98% of Votes in Favor of Proposed Merger; 1.3% of Outstanding Shares Required to Approve Merge
SAN JOSE, Calif. (January, 2023) – Velodyne Lidar, Inc. (Nasdaq: VLDR, VLDRW) today announced that the Special Meeting of Stockholders (“Special Meeting”) to approve the proposed merger with Ouster, Inc. (NYSE: OUST) and related matters was convened and adjourned without conducting any business. The Special Meeting will reconvene at 9:00 a.m. PT on February 3, 2023.
According to Velodyne bylaws, 50% of shareholders must participate to reach the required quorum for the Special Meeting. In addition, more than 50% of outstanding shares must be voted in favor of the merger to pass the proposal. At this time, shareholders representing over 48.6% of total outstanding shares have recorded their vote on the proposed merger, of which over 98% of the shares have been voted in favor. Under 3.3 million more shares of approximately 238 million total shares outstanding are needed to be voted in favor to pass the merger proposal. All stockholders of record as of the close of business on December 5, 2022 are entitled to vote and attend the Special Meeting. The reconvened Special Meeting will be held at 5521 Hellyer Avenue, San Jose, CA 95138.

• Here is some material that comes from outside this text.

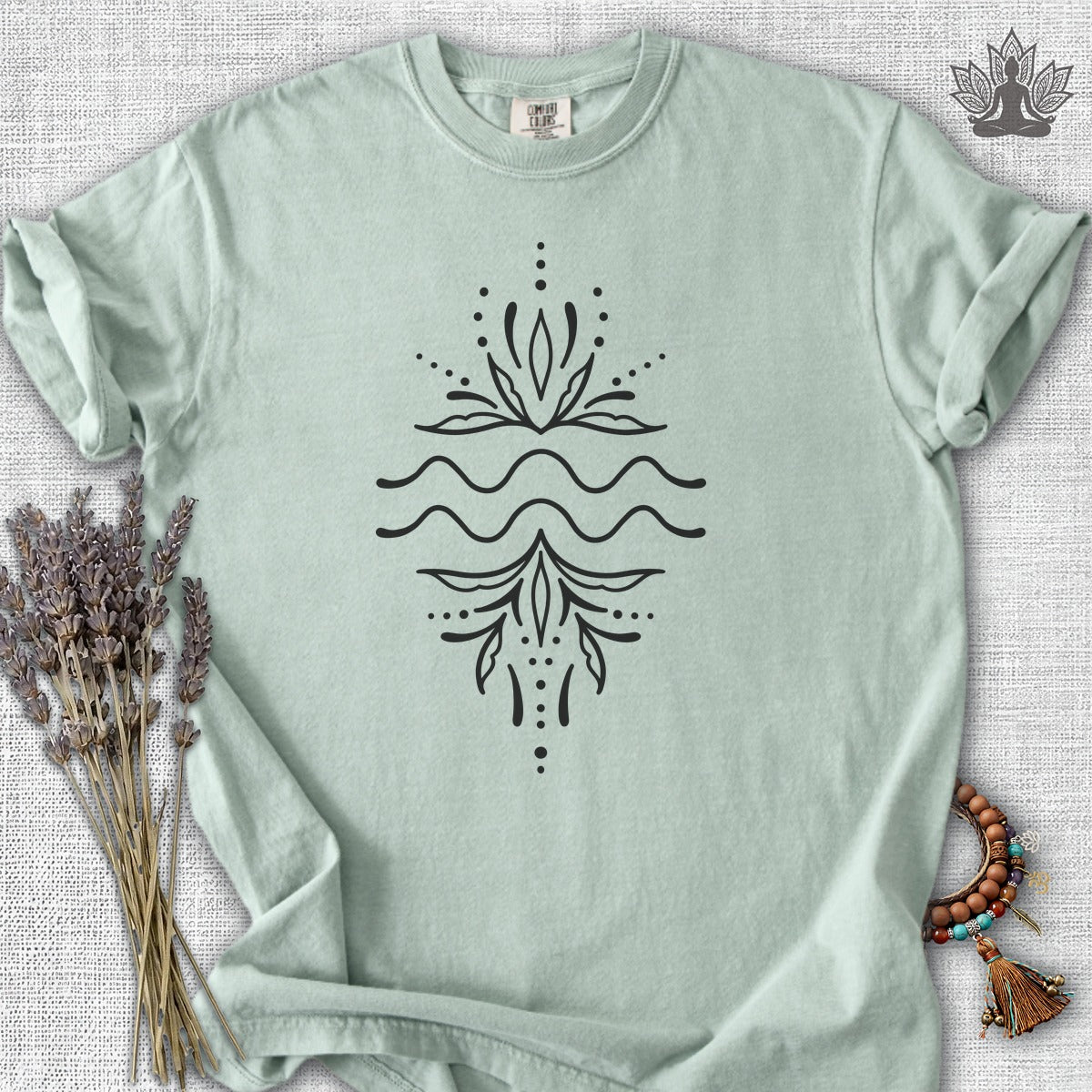 Boho Zodiac Signs Series Aquarius Comfort Colors® Tee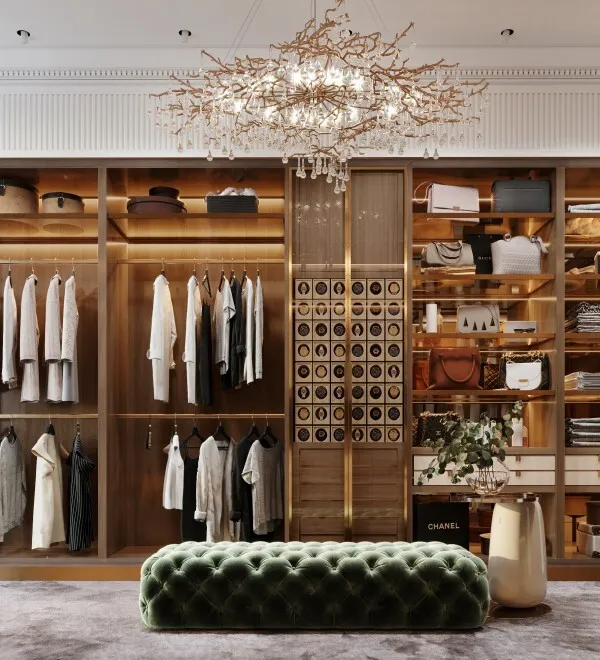 别墅大宅衣帽间空间装修-33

The proxy card included with the previously distributed proxy materials will not be updated to reflect the adjournment and may continue to be used to vote shares in connection with the Special Meeting. Stockholders who have not submitted their proxy for the Special Meeting, or who wish to change or revoke their proxy, are urged to do so promptly. Stockholders who have previously submitted their proxy and do not wish to change or revoke their proxy need not take any action. If you are a stockholder of record and have questions or need assistance voting your shares, please contact the Company’s proxy solicitor Kingsdale Advisors by calling toll-free at 877-659-1821 or via email at [email protected].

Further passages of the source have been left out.